(Excerpts from a dataset)
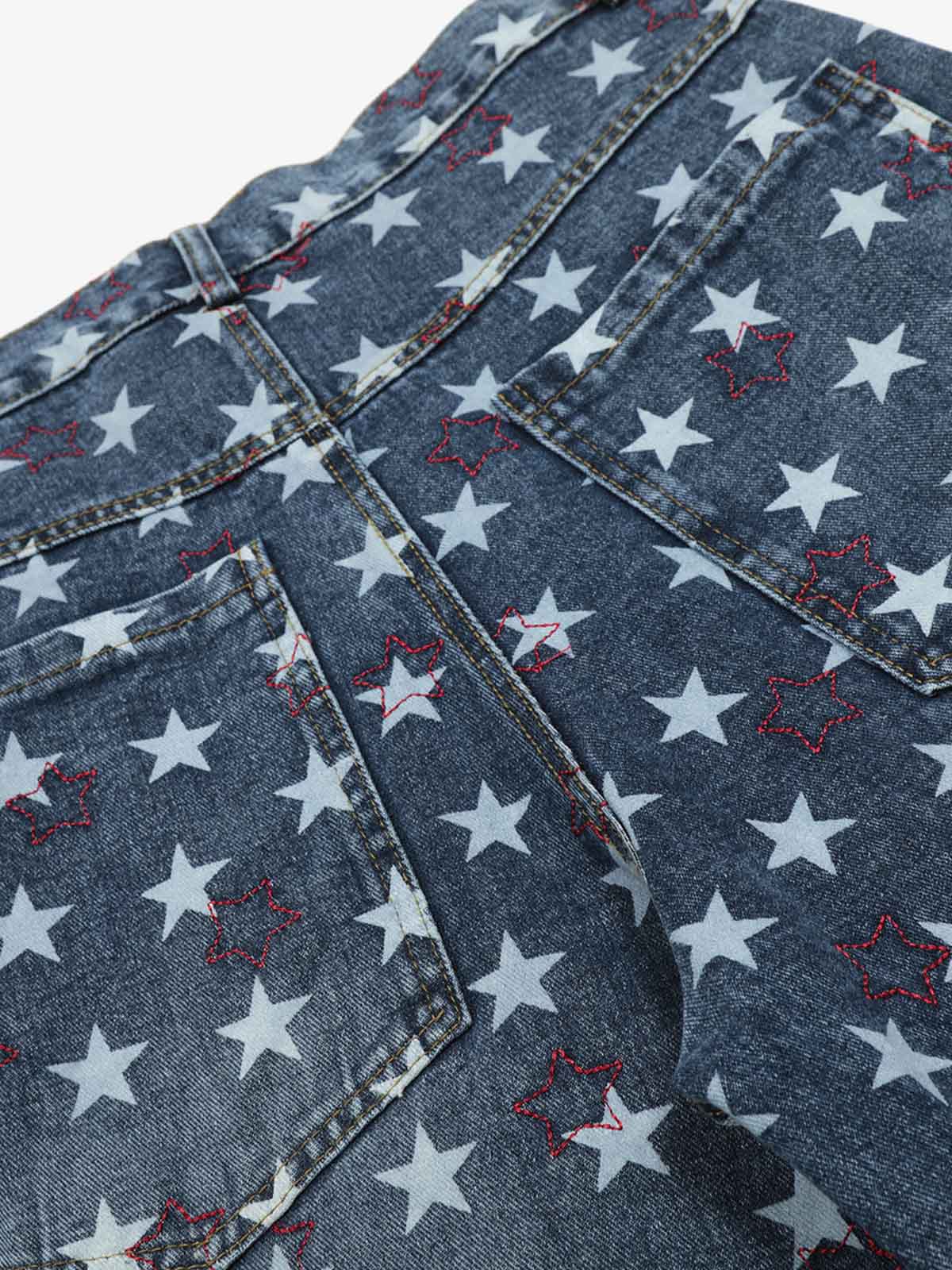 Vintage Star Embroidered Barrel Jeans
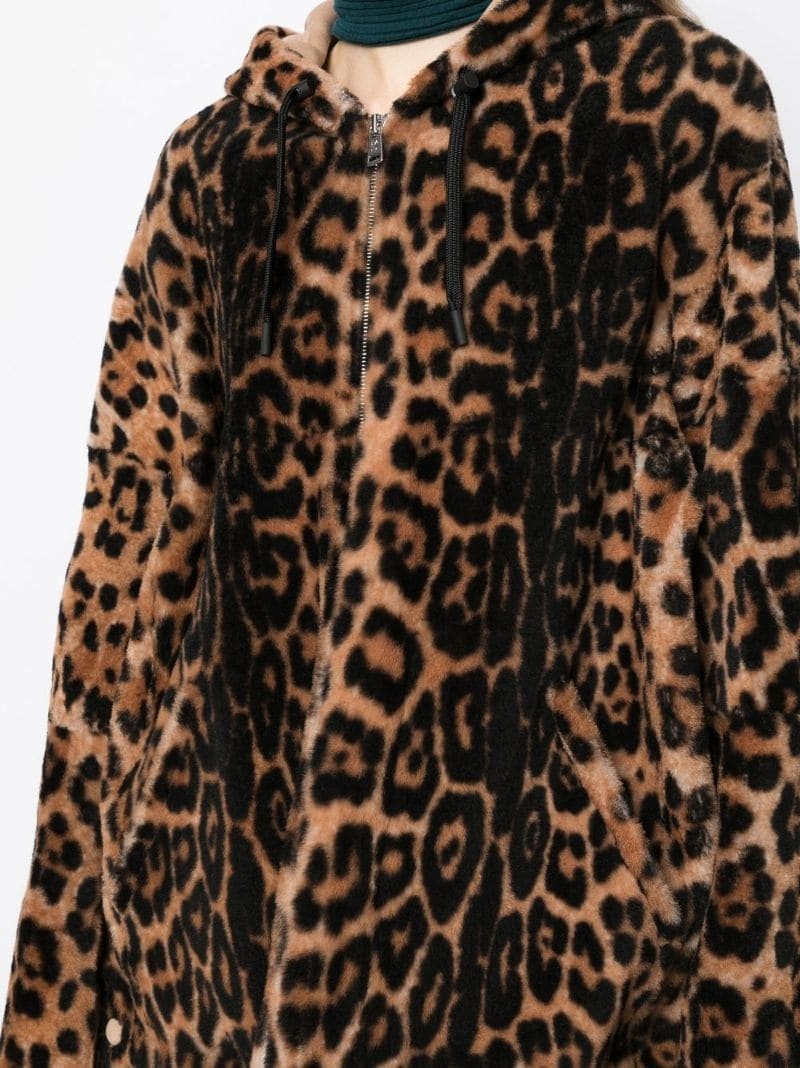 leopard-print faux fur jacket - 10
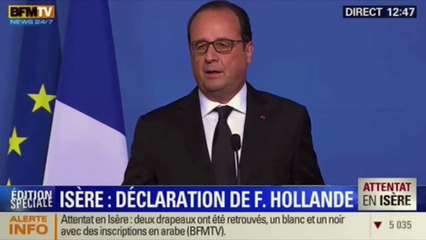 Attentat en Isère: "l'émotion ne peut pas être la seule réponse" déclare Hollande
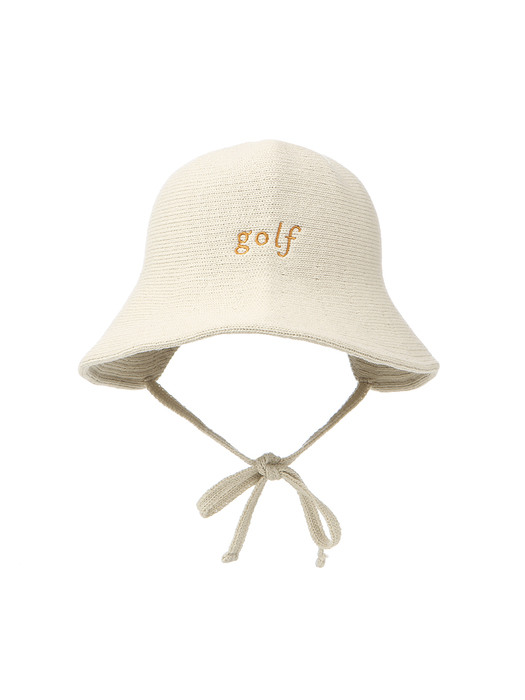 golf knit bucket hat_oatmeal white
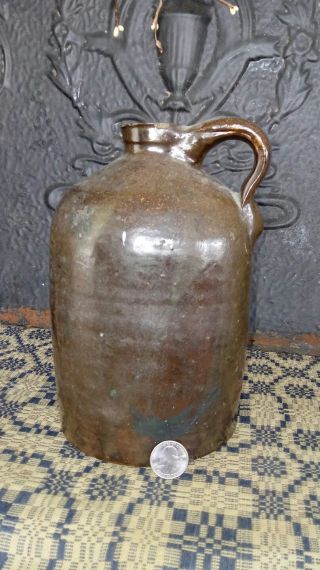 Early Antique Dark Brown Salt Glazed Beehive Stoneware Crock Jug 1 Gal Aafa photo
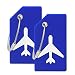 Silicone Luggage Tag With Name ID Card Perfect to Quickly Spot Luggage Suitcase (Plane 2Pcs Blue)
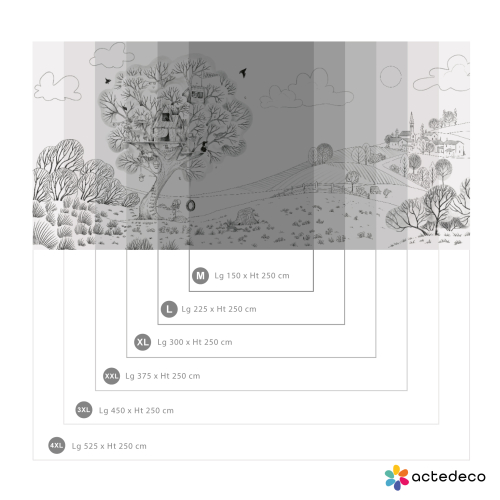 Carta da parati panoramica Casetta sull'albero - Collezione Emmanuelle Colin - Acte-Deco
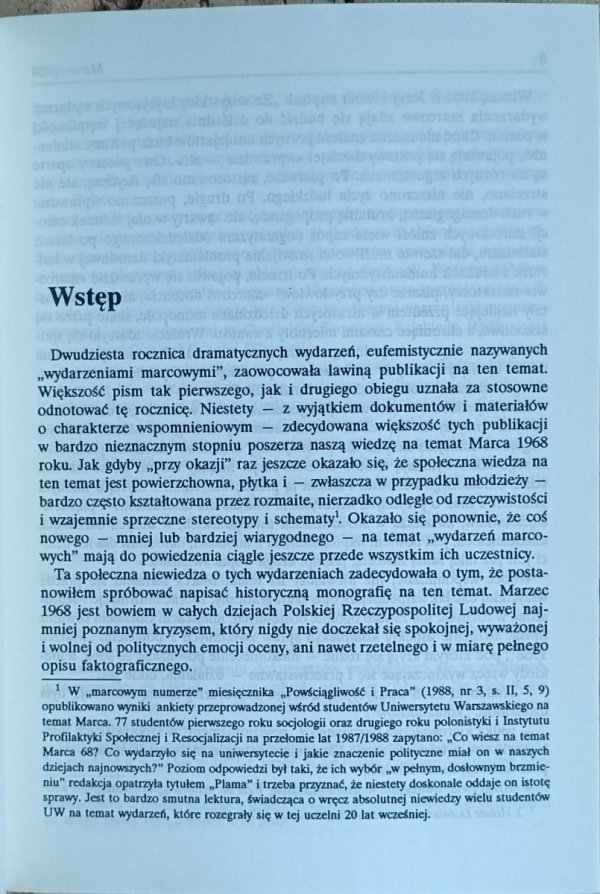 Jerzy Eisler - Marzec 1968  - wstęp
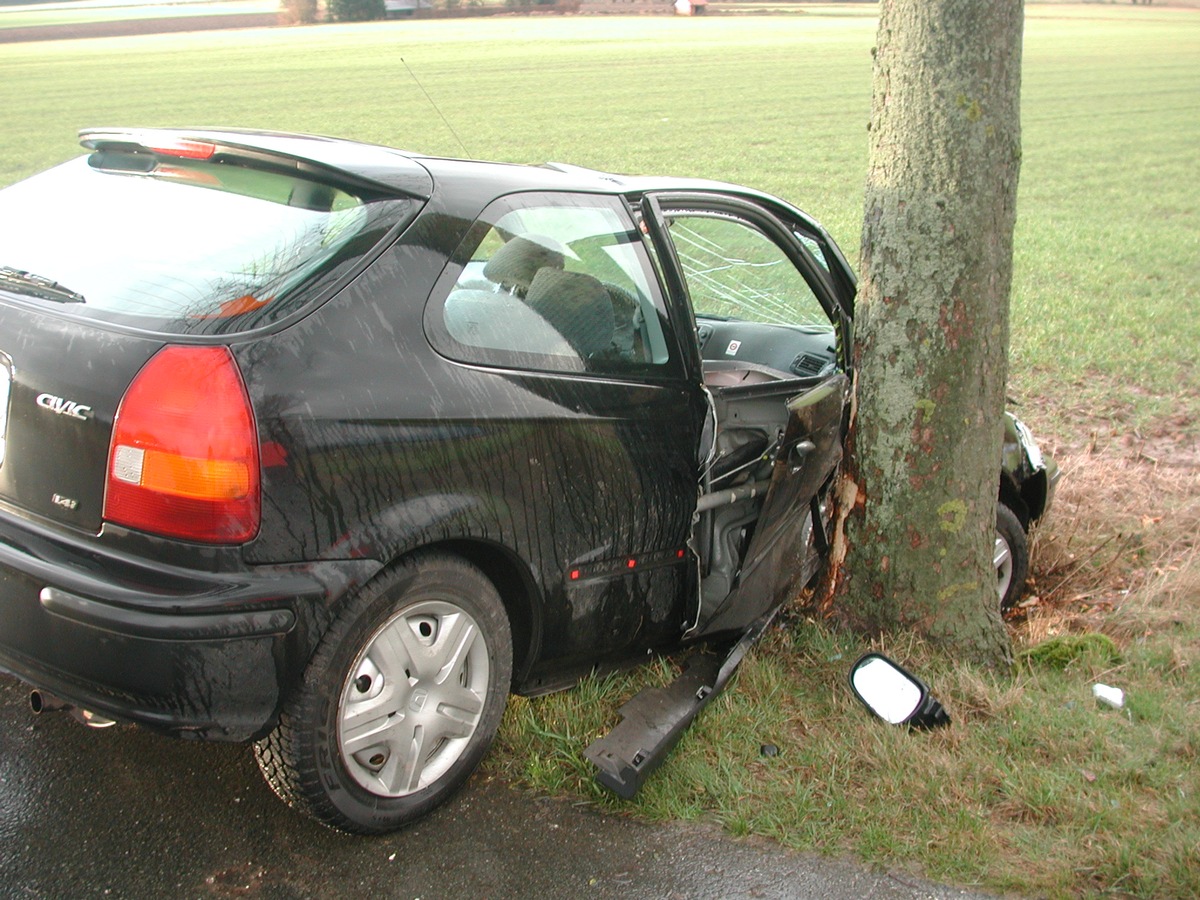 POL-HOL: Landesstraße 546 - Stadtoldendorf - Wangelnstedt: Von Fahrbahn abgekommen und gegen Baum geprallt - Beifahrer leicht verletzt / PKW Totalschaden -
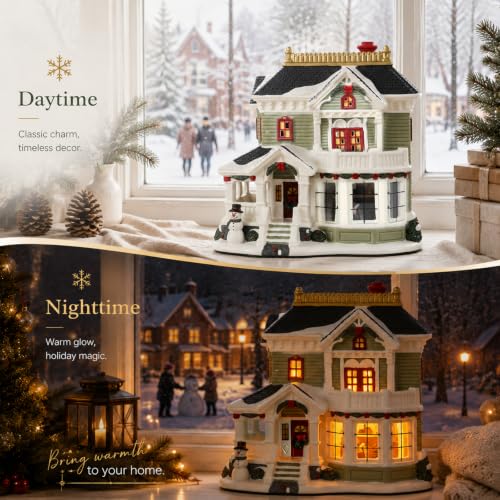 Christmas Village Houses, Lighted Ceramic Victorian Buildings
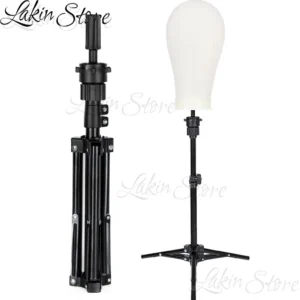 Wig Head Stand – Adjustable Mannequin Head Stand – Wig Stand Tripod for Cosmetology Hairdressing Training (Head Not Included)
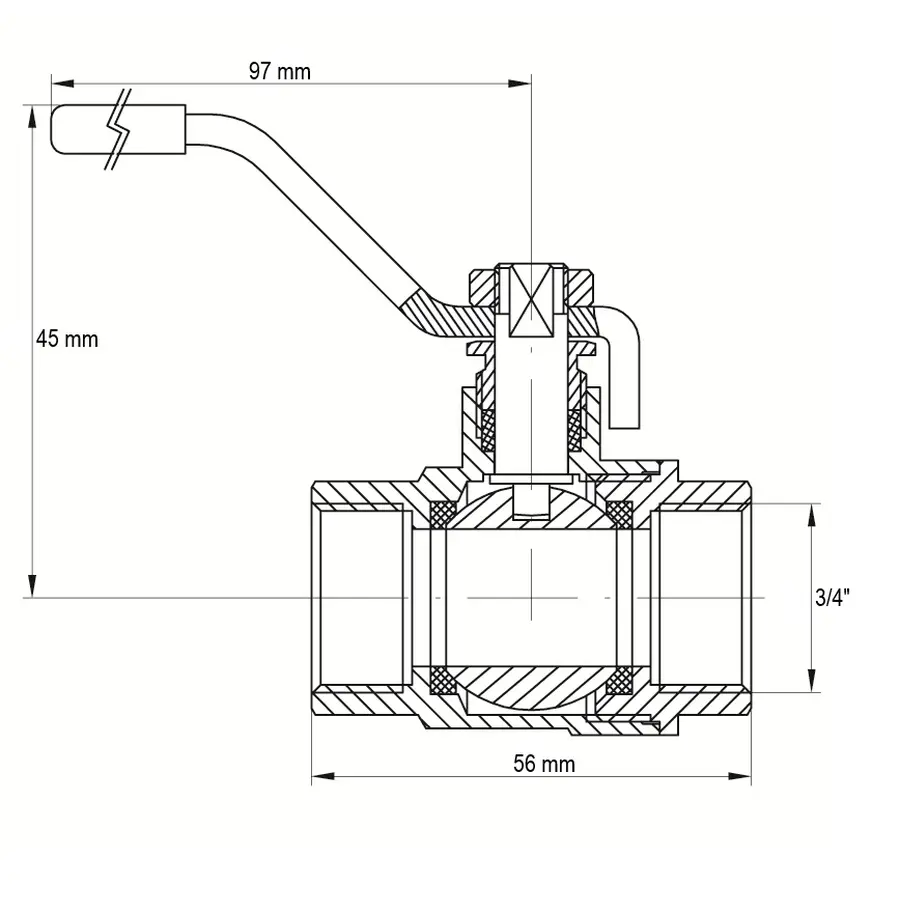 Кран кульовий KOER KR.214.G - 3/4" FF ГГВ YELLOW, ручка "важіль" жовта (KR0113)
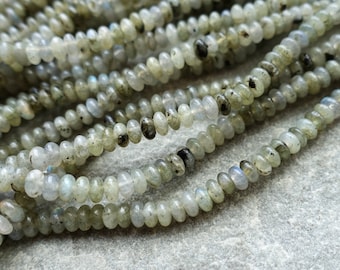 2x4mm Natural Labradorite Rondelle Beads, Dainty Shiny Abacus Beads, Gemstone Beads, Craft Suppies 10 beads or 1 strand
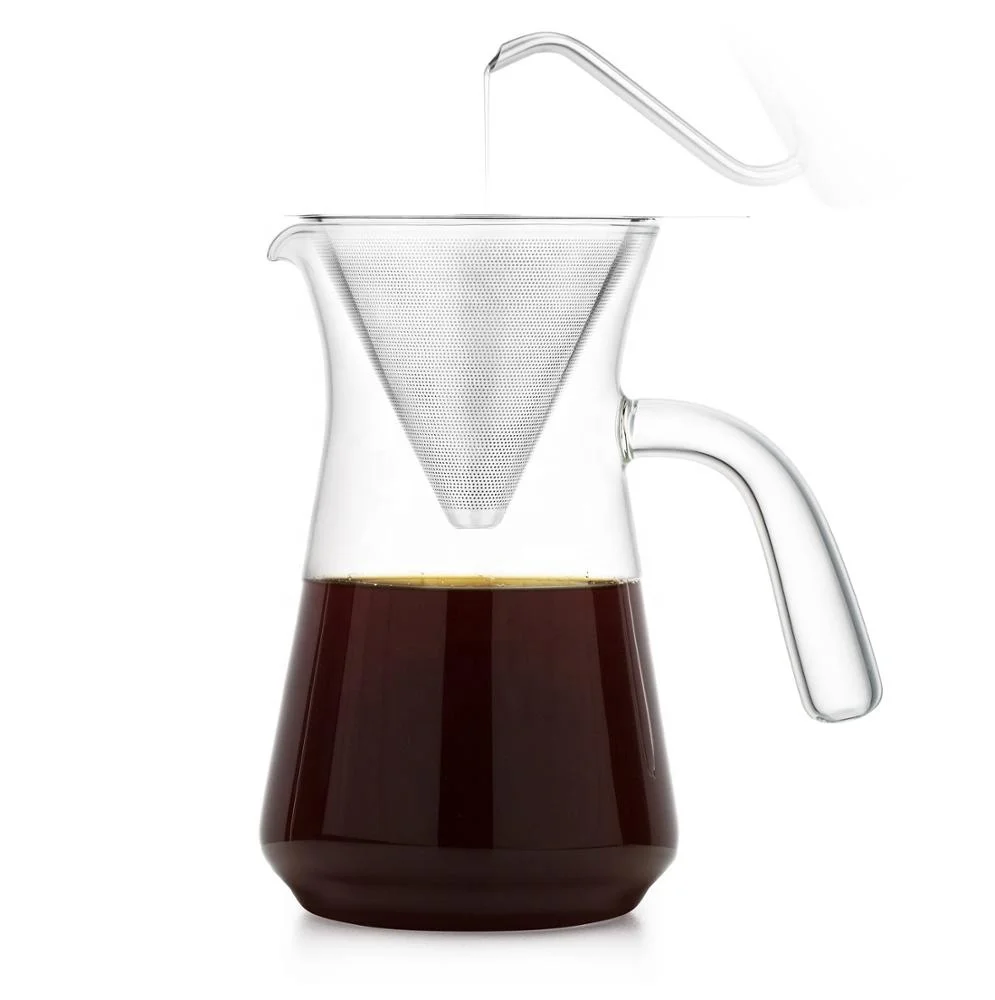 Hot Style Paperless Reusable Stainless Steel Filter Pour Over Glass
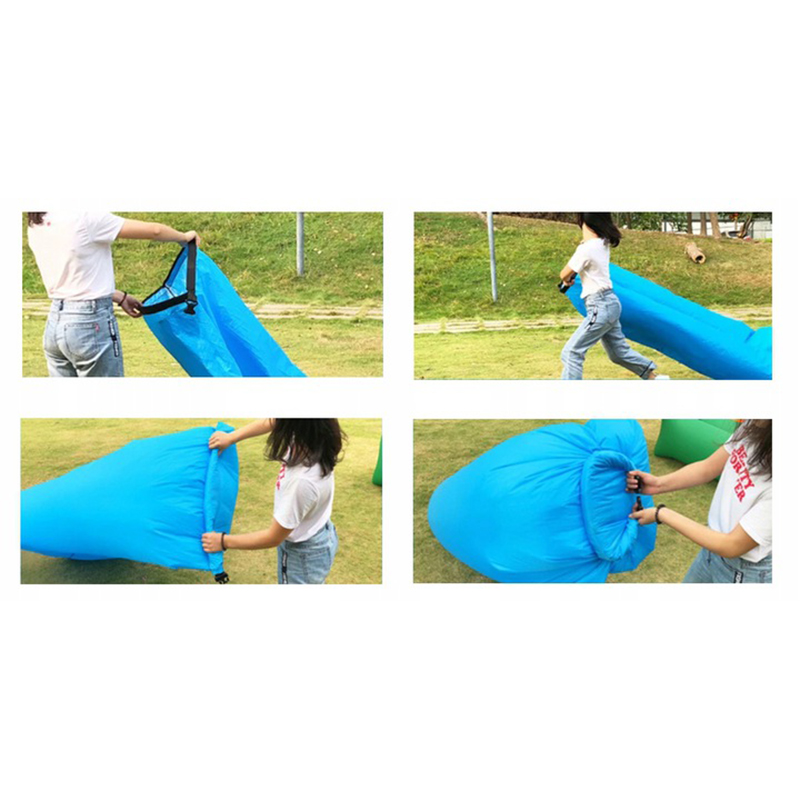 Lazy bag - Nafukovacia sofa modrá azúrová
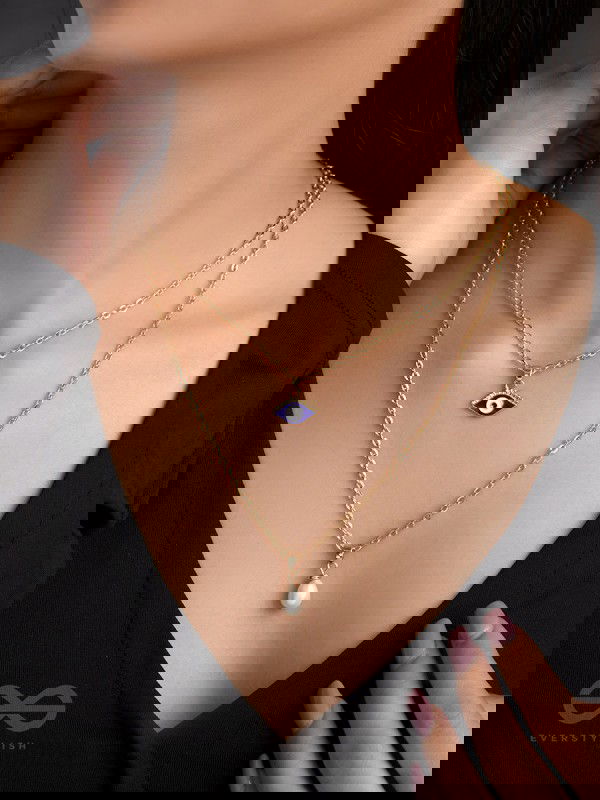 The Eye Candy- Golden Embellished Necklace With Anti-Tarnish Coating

Required action -
Please write the data out again exactly, but do not carry over the pictures.

Answer to this problem -
 Vintage Star Embroidered Barrel Jeans
 leopard-print faux fur jacket - 10
 Attentat en Isère: "l'émotion ne peut pas être la seule réponse" déclare Hollande
 golf knit bucket hat_oatmeal white
 Early Antique Dark Brown Salt Glazed Beehive Stoneware Crock Jug 1 Gal Aafa photo
 Silicone Luggage Tag With Name ID Card Perfect to Quickly Spot Luggage Suitcase (Plane 2Pcs Blue)
 Carta da parati panoramica Casetta sull'albero - Collezione Emmanuelle Colin - Acte-Deco
 Jerzy Eisler - Marzec 1968  - wstęp
 POL-HOL: Landesstraße 546 - Stadtoldendorf - Wangelnstedt: Von Fahrbahn abgekommen und gegen Baum geprallt - Beifahrer leicht verletzt / PKW Totalschaden -
 Christmas Village Houses, Lighted Ceramic Victorian Buildings
 Wig Head Stand – Adjustable Mannequin Head Stand – Wig Stand Tripod for Cosmetology Hairdressing Training (Head Not Included)
 Кран кульовий KOER KR.214.G - 3/4" FF ГГВ YELLOW, ручка "важіль" жовта (KR0113)
 2x4mm Natural Labradorite Rondelle Beads, Dainty Shiny Abacus Beads, Gemstone Beads, Craft Suppies 10 beads or 1 strand
 Hot Style Paperless Reusable Stainless Steel Filter Pour Over Glass
 Lazy bag - Nafukovacia sofa modrá azúrová
 The Eye Candy- Golden Embellished Necklace With Anti-Tarnish Coating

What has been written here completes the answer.